Rififi

CalGal

July 23, 2001

Return

Blacklisted American director Jules Dassin had been five years between projects, even after moving to France to try and recover his successful career (The Naked City, Brute Force). Broke and near despair, he was finally handed a single opportunity, to film a potboiler novel he loathed for only $200K.

He resolved the source material problem by co-writing a screenplay that eliminated everything but a minor incident--a carefully planned burglary of a Parisian jewelry store. He used the money to fund the best available craftsmen behind the cameras, choosing unknowns and hasbeens for the onscreen talent. When a contract dispute caused one actor to walk, Dassin filled in himself as the fourth member of the team (written as an Italian who didn't speak French, to cover up Dassin's lack of the lingo).

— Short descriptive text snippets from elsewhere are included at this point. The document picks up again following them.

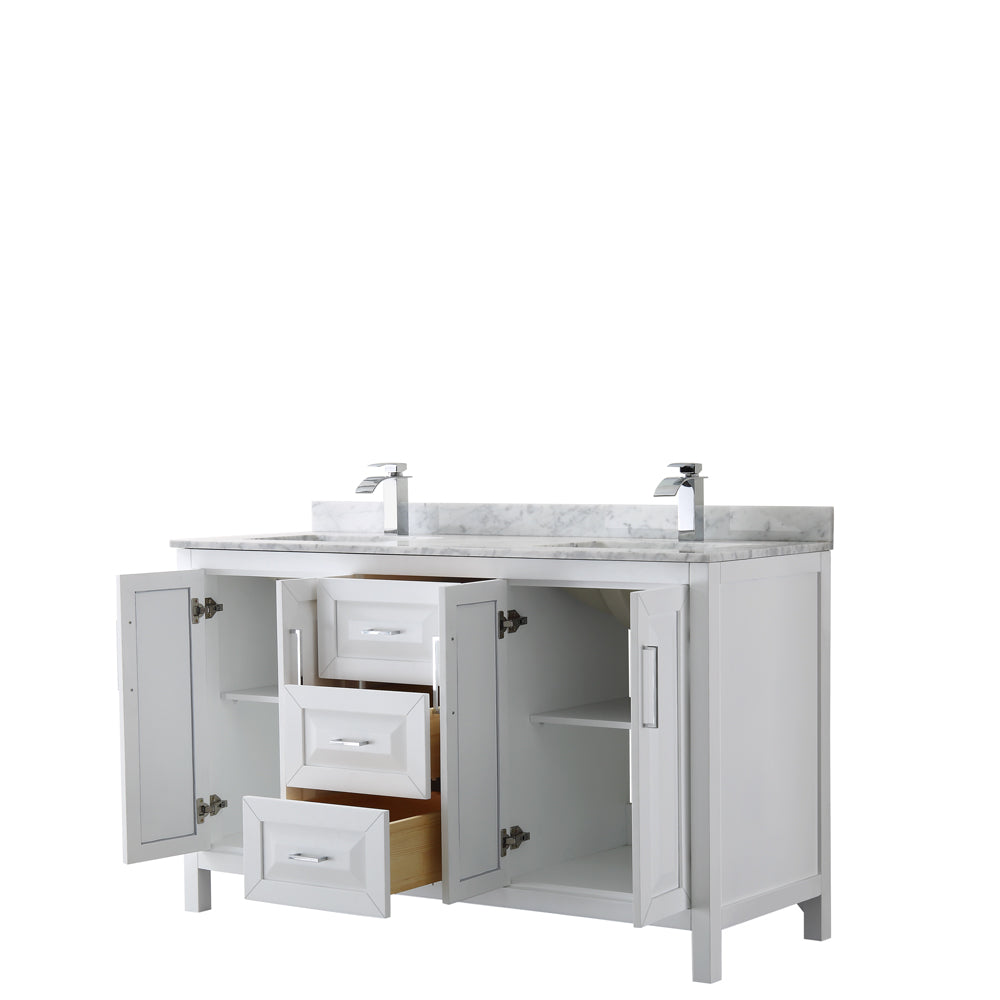 Daria 60" Double Vanity in White, Top, Square Sinks, No Mirror
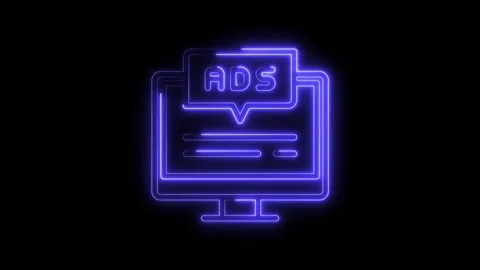 Neon computer screen displaying ads graphic glowing digital advertising concept 動画素材 322965978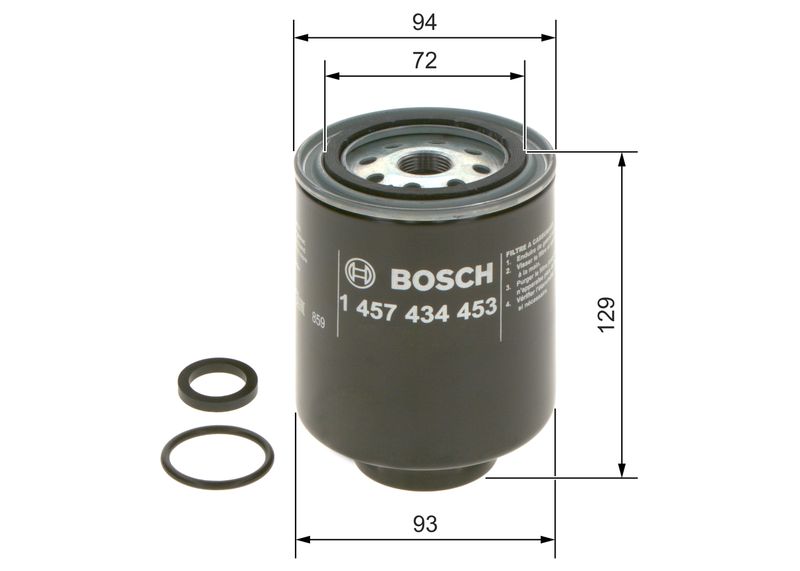 Bosch 1457434453 Fuel Filter - 1
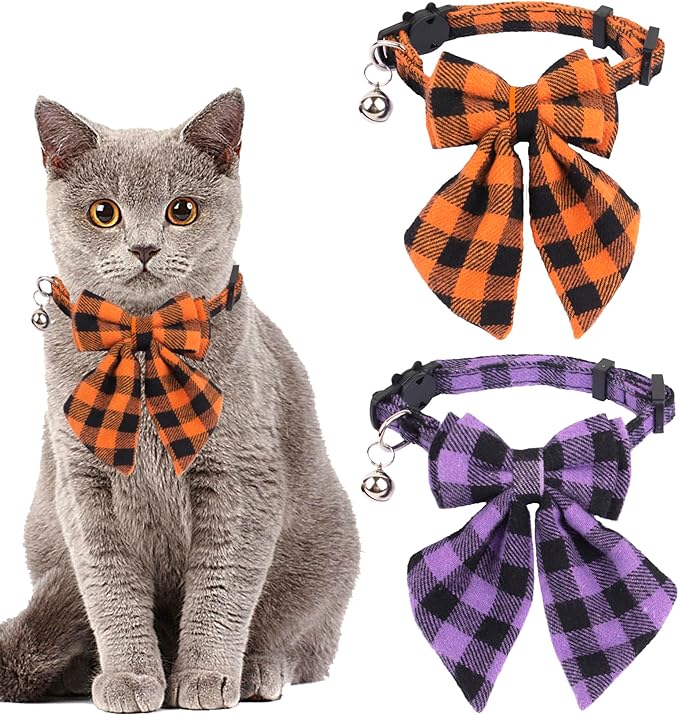 ADOGGYGO Halloween Cat Collars with Removable Bow Bell, 2 Pack Orange Purple Plaid Halloween Bowtie Collar for Cats Kittens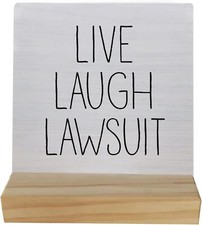 Lawyer Gifts for Women Men,Live Laugh Lawsuit Table Wood Plaque...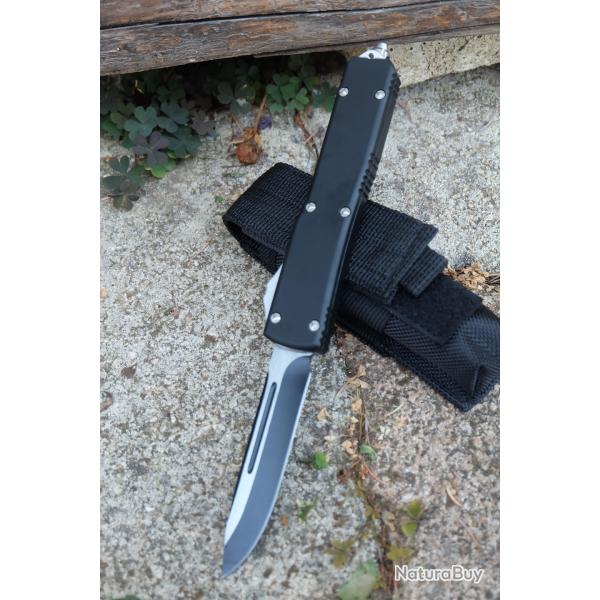 Couteau Automatique OTF Out the Front Lame Drop Point Acier 440 Manche Alu Clip Etui Nylon Tactical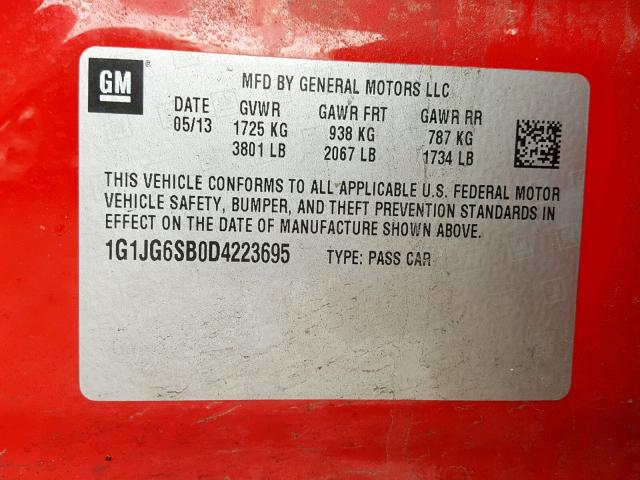 1G1JG6SB0D4223695 - 2013 CHEVROLET SONIC RS RED photo 10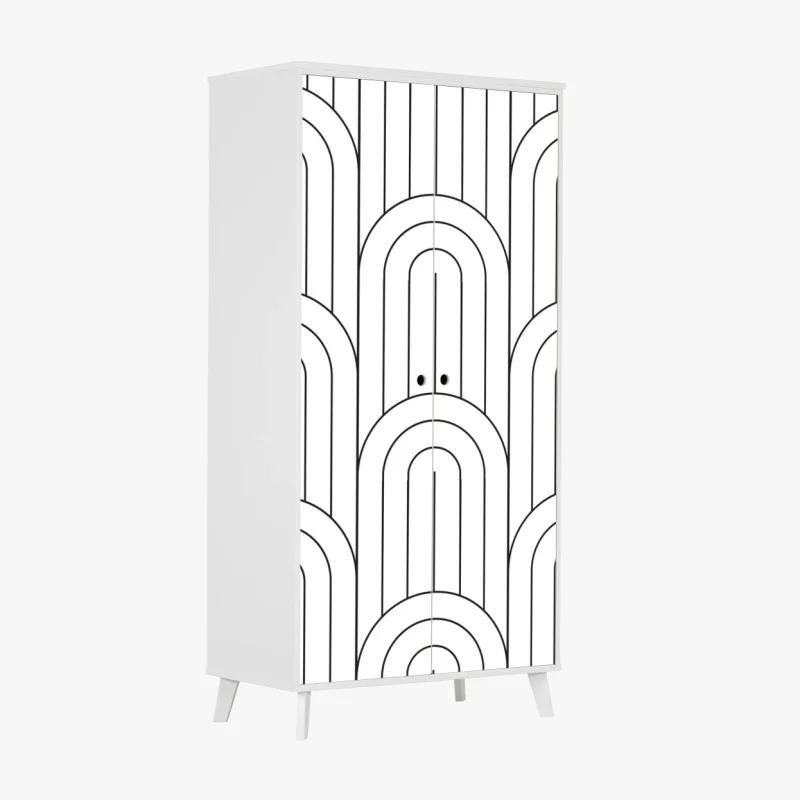 Wardrobe sticker monochrome retro arch pattern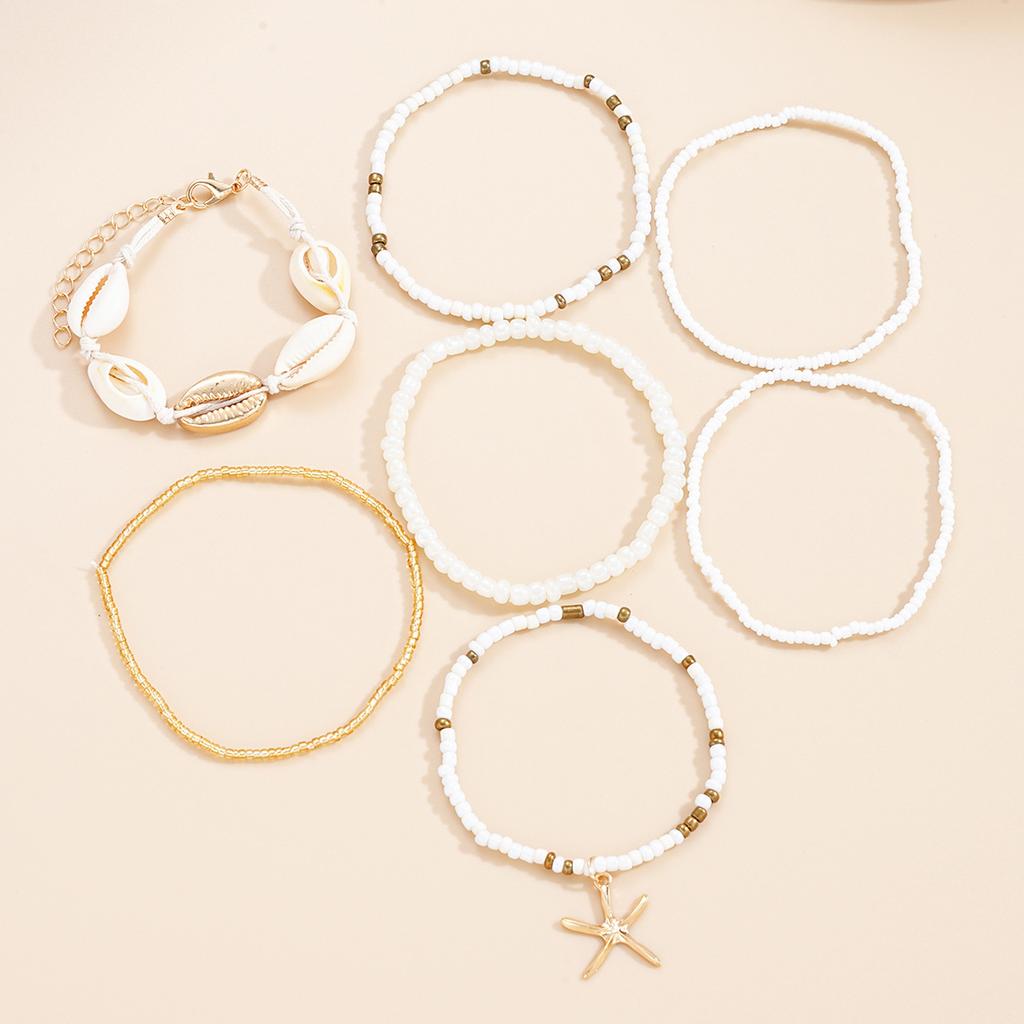 7-Piece Set Of Bohemian Fashion Jewelry Starfish Beaded Anklet Beach Bracelet
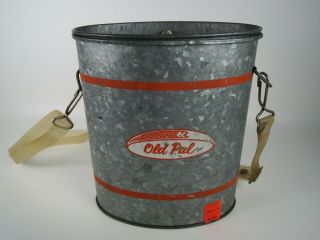 Galvanized Old Pal Fishing Bait Bucket Woodstream Corp Vtg Minnow Can Lid Strap
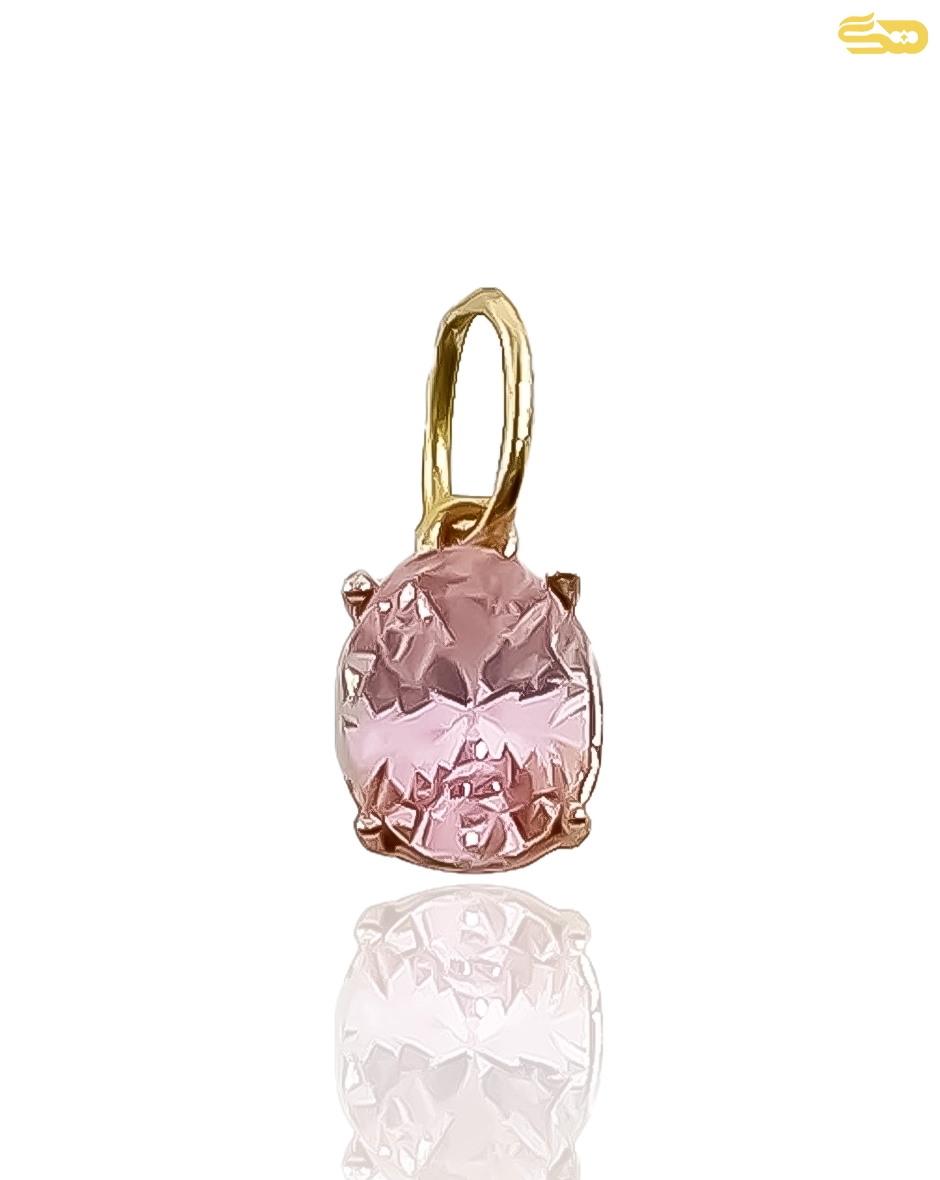 پلاک نگین صورتی 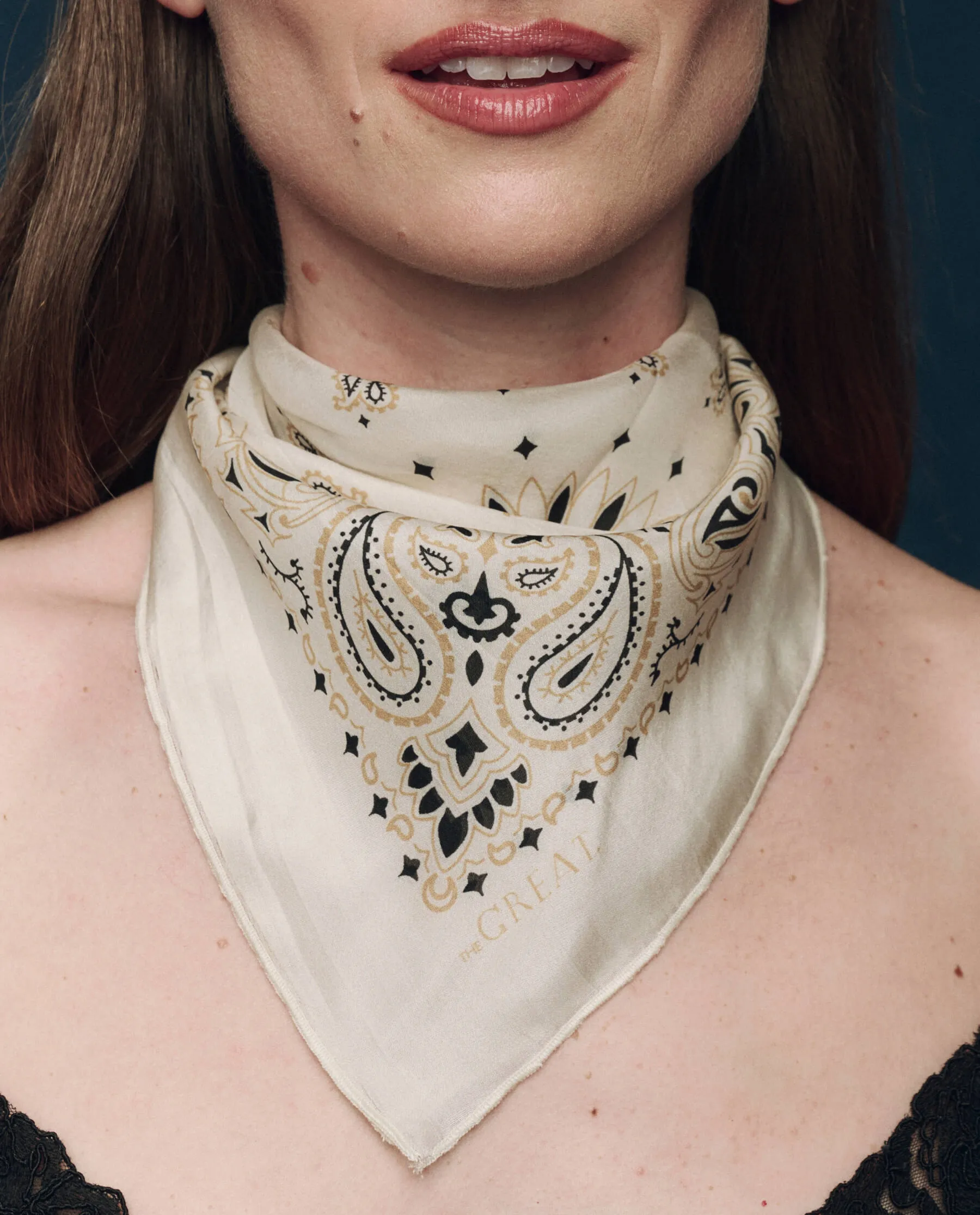 The Silk Bandana. -- Cream sold by THE GREAT. product image thumbnail 2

The result: a brutal, suspenseful tale of the planning, execution, and aftermath of a breakin performed by four career criminals out for one last score. Rififi was a critical and financial phenomenon, winning raves and record returns throughout the world; it created the heist genre and still stands as the benchmark by which all entries are assessed. Dassin won the Cannes prize for Best Director, restored his career and got to marry Melina Mercouri.

Rififi's influence really can't be overstated, particularly in the presentation of the heist, as the thieves execute their meticulous plan with nothing more complicated than simple tools, an umbrella, and a fire extinguisher. (The exposition is so accurate that many countries cut out key scenes to avoid copycat thefts.)

Dassin presents the heist in screen silence--a convention that has been faithfully copied ever since, the genre equivalent of the musical's "you're going out a chorus girl, but you're coming back a star!". Unlike other landmark films, this one hasn't aged almost at all and certainly doesn't suffer from familiarity.

Eliminate the influential aspects and Rififi still has plenty to offer. The characters are unglorified thugs and likeable for it. The performances are solid or better (Jean Servais as the aging ex-con stands out), the story engrossing, the dialog in the noir tradition, with a French twist. ("Bonjour, beautiful, put your moneymaker right here.") The technical aspects are gorgeous--cinematography, set design, and score particularly. Paris is used as effectively as San Francisco is used in Bullitt--Dassin spent hours looking for evocative street corners, alleys, and riverfronts.

Made outside the confines of the Hollywood production code, the brutality and sexuality isn't hedged and doesn't date. I read a few reviews that complained about the film's treatment of women but I'm not sure why. All the female characters come off quite well. (They are all more than a tad bodacious, particularly Mario's buxom and bubbly wife.)

The heist is Act II, with a major chunk of the story left untold The heist serves as the catalyst, not the outcome. Regardless of how one might feel about the outcome, it is hard not to admire the structure. Throughout the film, the four thieves are primarily defined not by indivdiual characteristics, but by their relationships--with each other, with loved ones, with enemies. Dassin uses these relationships to drive the story to its resolution and pulls it off beautifully. Had I not been forewarned, I might have found the third act most annoyingly "French".

For all its fame and readily acknowledged influence, Rififi has been almost completely unavailable for most of the 45 years since its release. Rialto has performed another rescue, and they released the results last fall. I caught the movie in a second-run art house; look for it in your neighborhood. The DVD contains a 1998 interview with Dassin who participated in the restoration and helped rewrite the subtitles.

I suppose Rififi could be considered one of the few positive aspects of Hollywood's McCarthy period. Dassin slips in an editorial comment about it; note what happens to the guy who rats someone out.

Not to be missed; check it out at your first opportunity.